Sunday, 28 April 2013

Big Bend National Park, TX

Big Bend is named after the, er, big bend in the Rio Grande river separating southern Texas from northern Mexico. Don't worry if you've never heard of it, because I hadn't either until I started planning this trip. But I'm definitely a fan now. I have searched, in vain, for souvenir T-shirts declaring 'I'm a Big Bender'.

In order to visit the park I got a train from El Paso, Texas (pop. 800,000) to Alpine, Texas (pop. 5,786). Alpine is what they used to call a 'one-horse town', and on the night I arrived it was a zero-taxi town, which meant I had to walk a couple of miles from the station to my motel, complete with backpack. It was a proper old-school American motel like you see in the movies, basically a small car park with a single level of adjoining lodges all around it.

Alpine is a nice place, but I can't help observing that I have entered the Realm of the Banjo. In one shop I actually overheard someone referring to an absent friend as 'Cleetus'...

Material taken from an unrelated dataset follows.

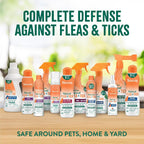 TropiClean made in USA natural flea shampoo for kittens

I did at least manage to hire a car, my third in the USA (this one's a Chevy Cobalt, a bit smaller than the Impala) and spend a day driving all the way round the park, followed by a day doing a couple of moderate hikes. I wanted to do one big hike, but my feet hadn't quite recovered from Guadalupe and then the walk from the station to the motel only made my blisters even worse.

Also I got quite badly chapped lips from the sun and the wind while out hiking. The swelling made it look like I was wearing lipstick. By the time I'd finished a very hot plate of tacos, I was beginning to resemble Pete Burns.

Nice tacos though (see picture), and nice locally-brewed beer to wash them down. This was the High Sierra Bar and Grill, part of the same establishment as the El Dorado motel, in Study Butte-Terlingua (pop. 267), where I spent my second night. Shortly after I finished eating there was a fight in the bar, and I couldn't figure out why the barman was just standing there until I realised that the chief aggressor in the fight was the guy who actually owned the place. Fortunately no guns were pulled.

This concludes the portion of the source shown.